Provided data —

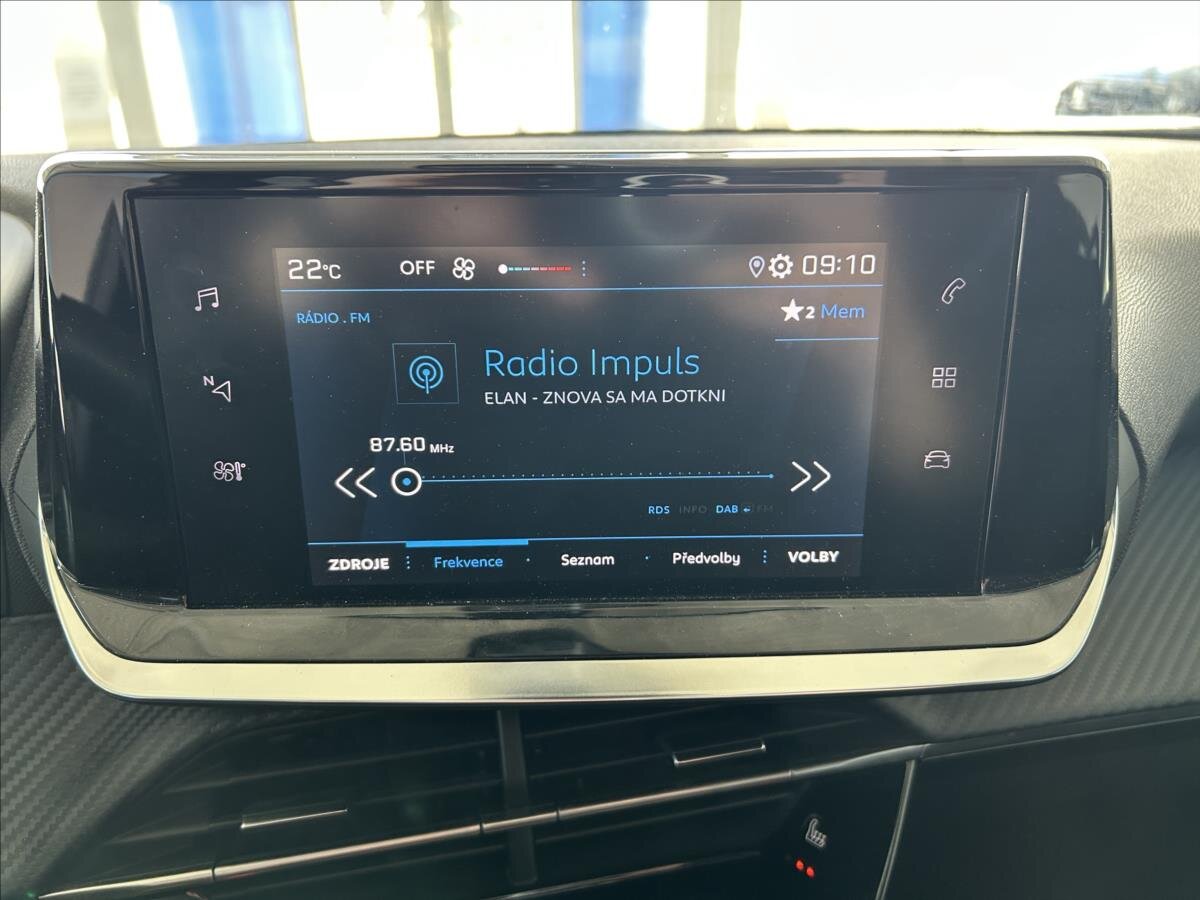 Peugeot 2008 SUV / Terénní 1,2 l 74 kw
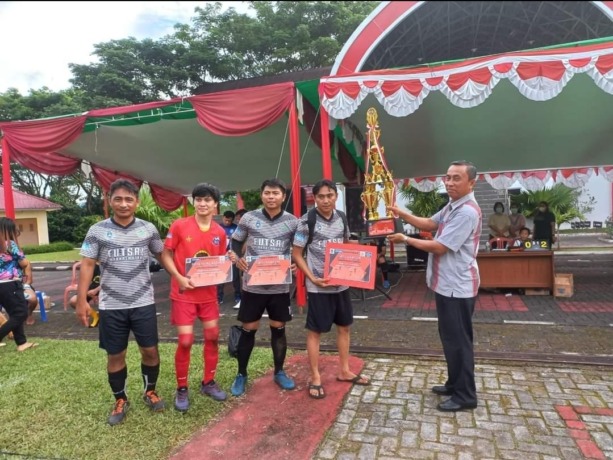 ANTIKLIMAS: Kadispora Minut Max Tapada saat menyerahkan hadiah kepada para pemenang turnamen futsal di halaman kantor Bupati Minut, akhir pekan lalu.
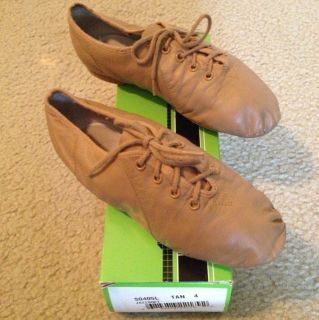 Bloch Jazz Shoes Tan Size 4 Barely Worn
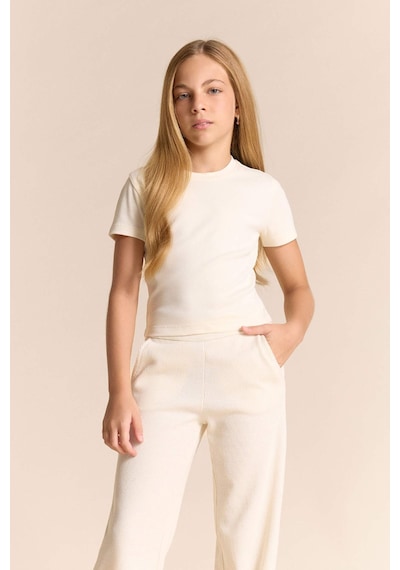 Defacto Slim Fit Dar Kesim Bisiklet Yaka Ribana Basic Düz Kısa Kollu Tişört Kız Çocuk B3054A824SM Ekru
* * *
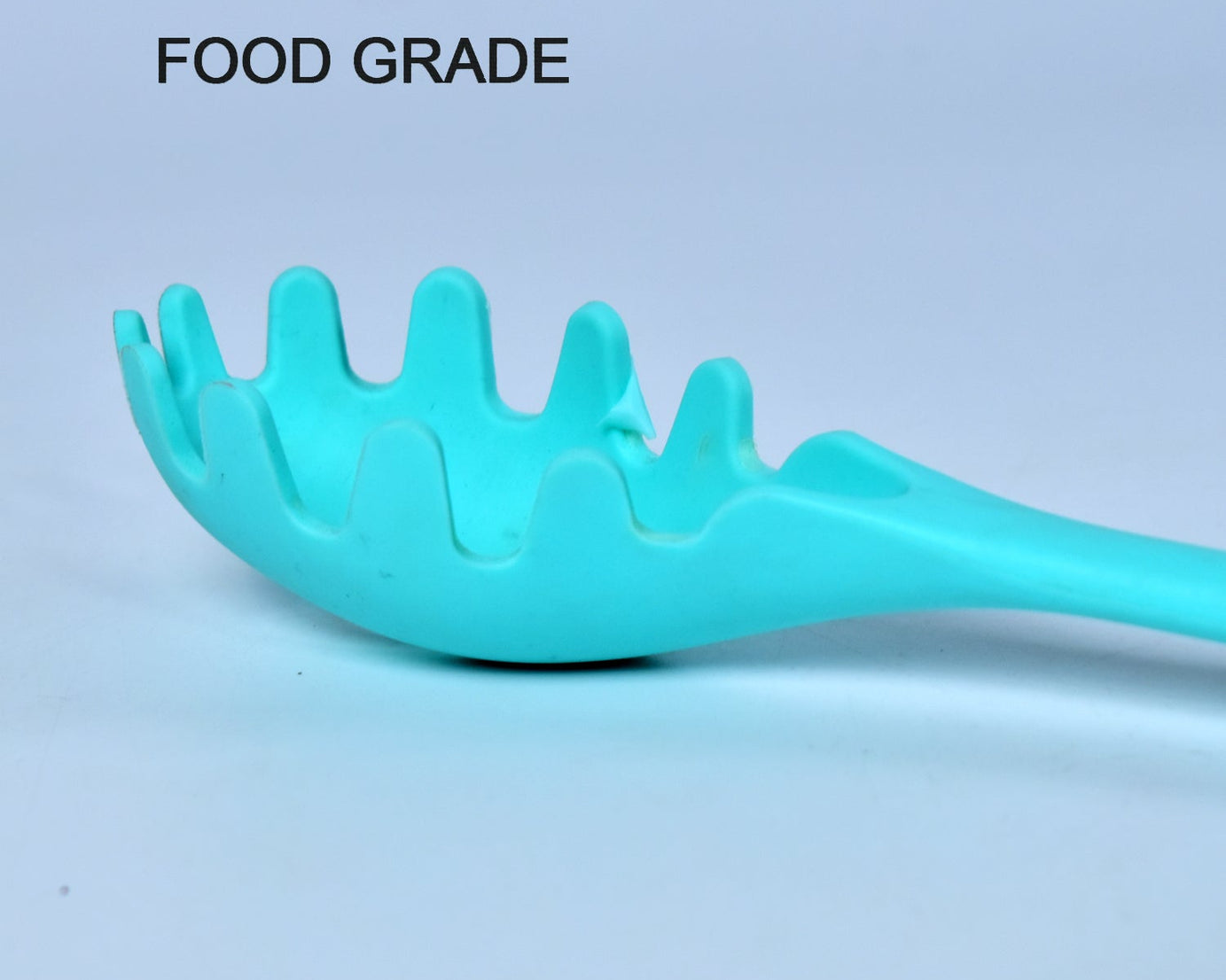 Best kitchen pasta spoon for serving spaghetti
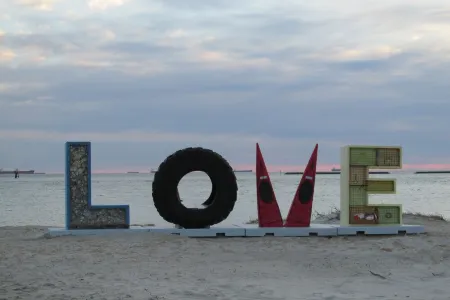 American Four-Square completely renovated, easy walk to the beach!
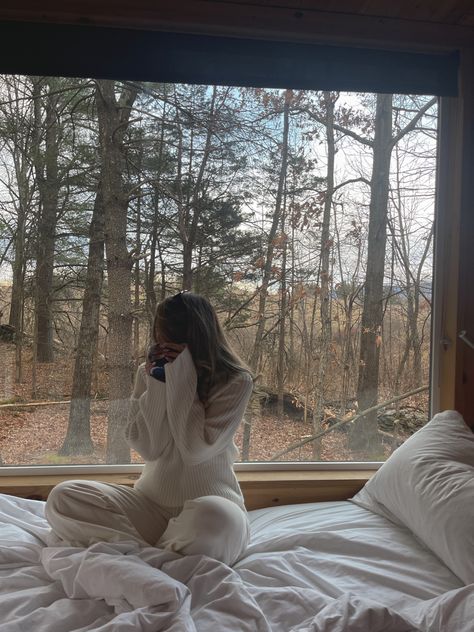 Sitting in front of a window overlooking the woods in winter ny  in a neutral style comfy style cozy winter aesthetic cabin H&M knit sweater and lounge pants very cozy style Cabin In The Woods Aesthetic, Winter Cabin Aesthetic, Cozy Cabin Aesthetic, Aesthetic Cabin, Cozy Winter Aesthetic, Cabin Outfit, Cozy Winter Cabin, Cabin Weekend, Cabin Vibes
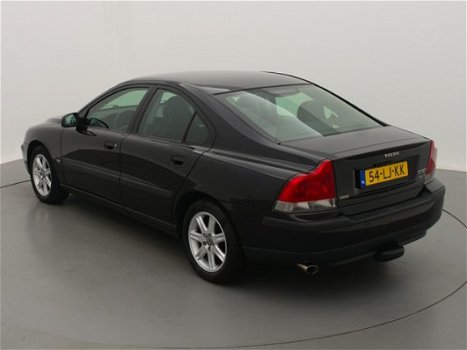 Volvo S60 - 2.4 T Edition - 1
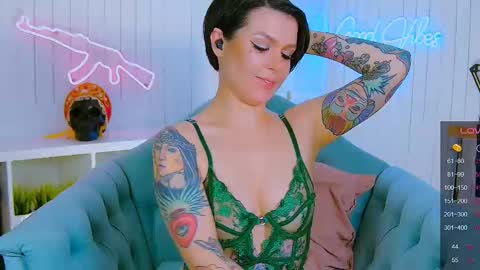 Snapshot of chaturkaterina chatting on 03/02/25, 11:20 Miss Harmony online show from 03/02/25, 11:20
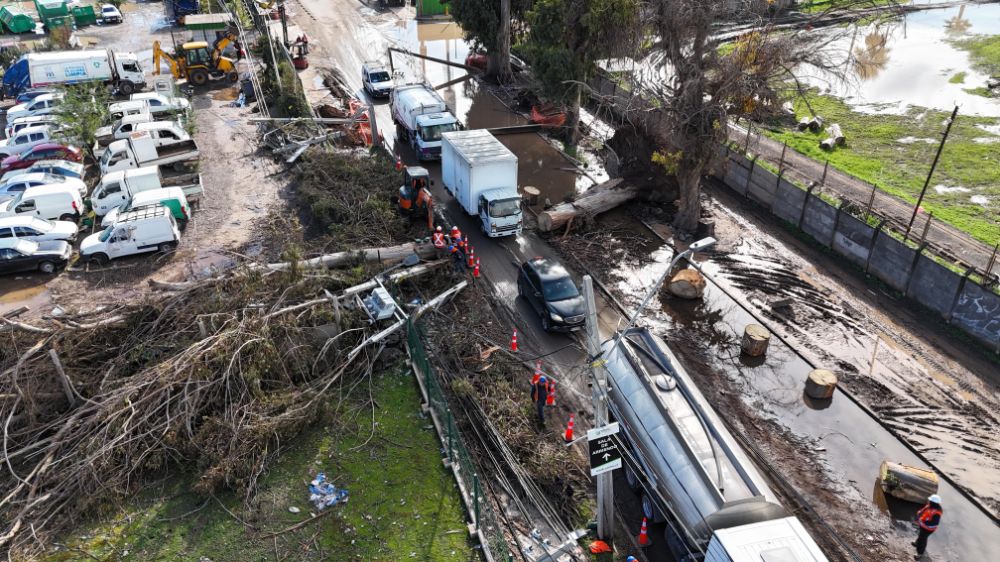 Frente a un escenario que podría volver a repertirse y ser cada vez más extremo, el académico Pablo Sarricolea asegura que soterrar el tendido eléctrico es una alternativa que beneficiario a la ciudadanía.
...
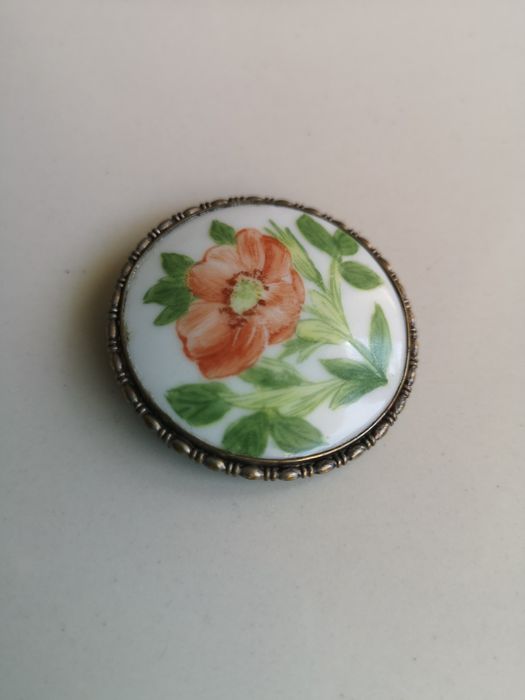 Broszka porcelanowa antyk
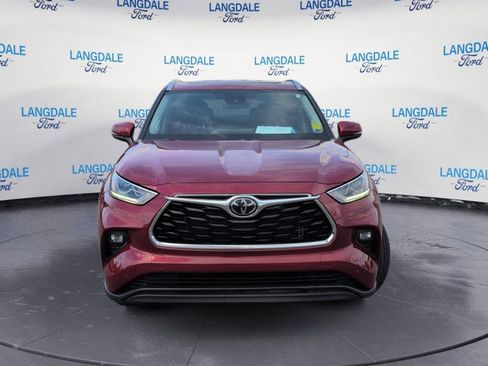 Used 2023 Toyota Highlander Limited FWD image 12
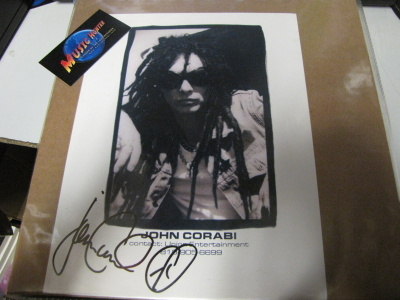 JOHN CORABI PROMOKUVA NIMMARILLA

Problem statement — A verbatim reproduction is expected: starting at the line above that has "Bloch Jazz Shoes Tan Size 4 Barely Worn", ending at the line that has "Defacto Slim Fit", both included, and with no pictures and no other lines.

Result of the exercise —
 Bloch Jazz Shoes Tan Size 4 Barely Worn
 Defacto Slim Fit Dar Kesim Bisiklet Yaka Ribana Basic Düz Kısa Kollu Tişört Kız Çocuk B3054A824SM Ekru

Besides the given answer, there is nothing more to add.